### Work instructions
Would you repeat the listing exactly, without any of its images?
======== Information provided ========
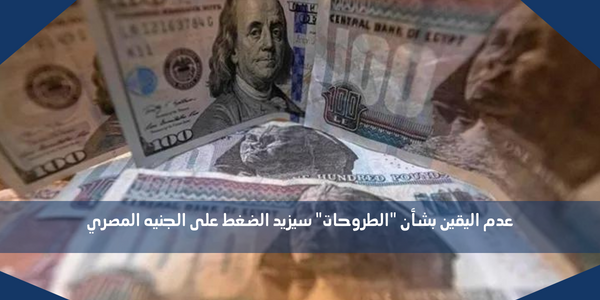 عدم اليقين بشأن “الطروحات” سيزيد الضغط على الجنيه المصري
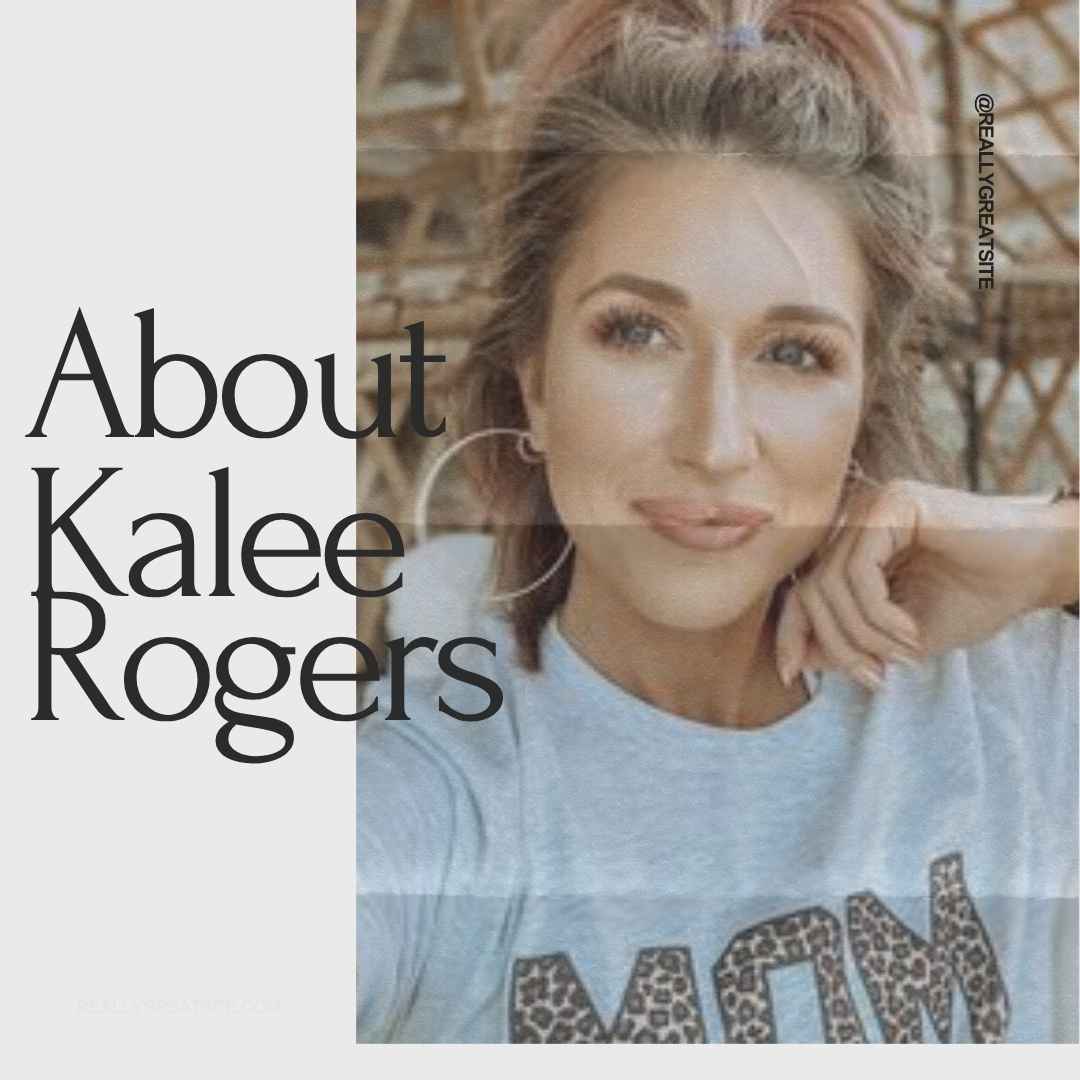 Kalee Rogers Net Worth Personal Life, Career, Husband, Age, Height, More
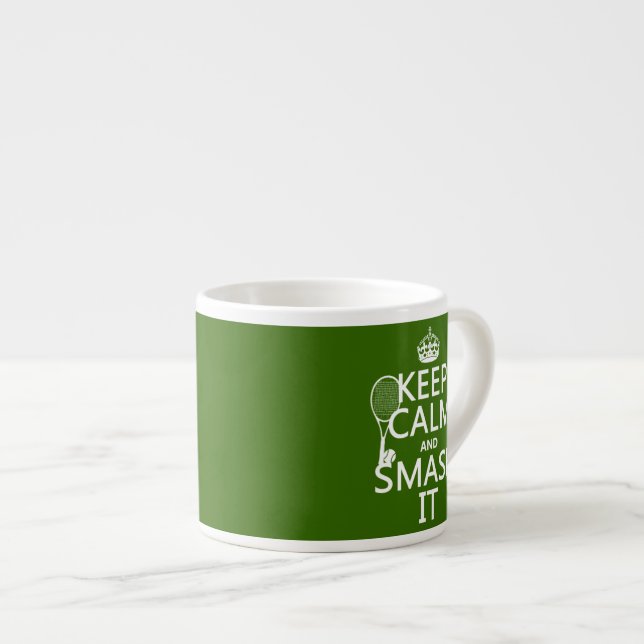 Keep Calm and Smash It (tennis)(any colour) Espresso Cup (Front Right)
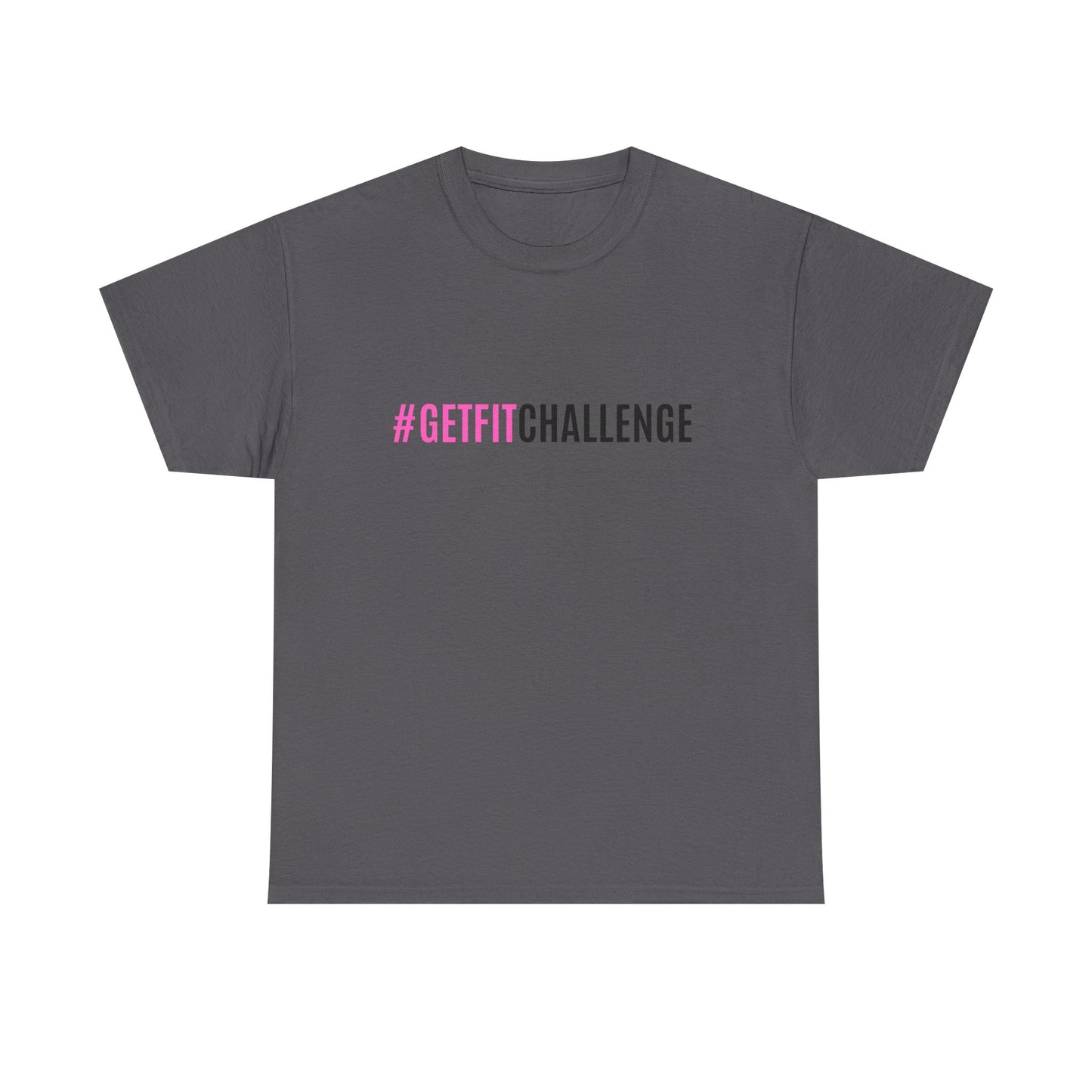 #GetFitChallenge T-Shirt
========
### Expected output
 عدم اليقين بشأن “الطروحات” سيزيد الضغط على الجنيه المصري
 Kalee Rogers Net Worth Personal Life, Career, Husband, Age, Height, More
 Keep Calm and Smash It (tennis)(any colour) Espresso Cup (Front Right)
 #GetFitChallenge T-Shirt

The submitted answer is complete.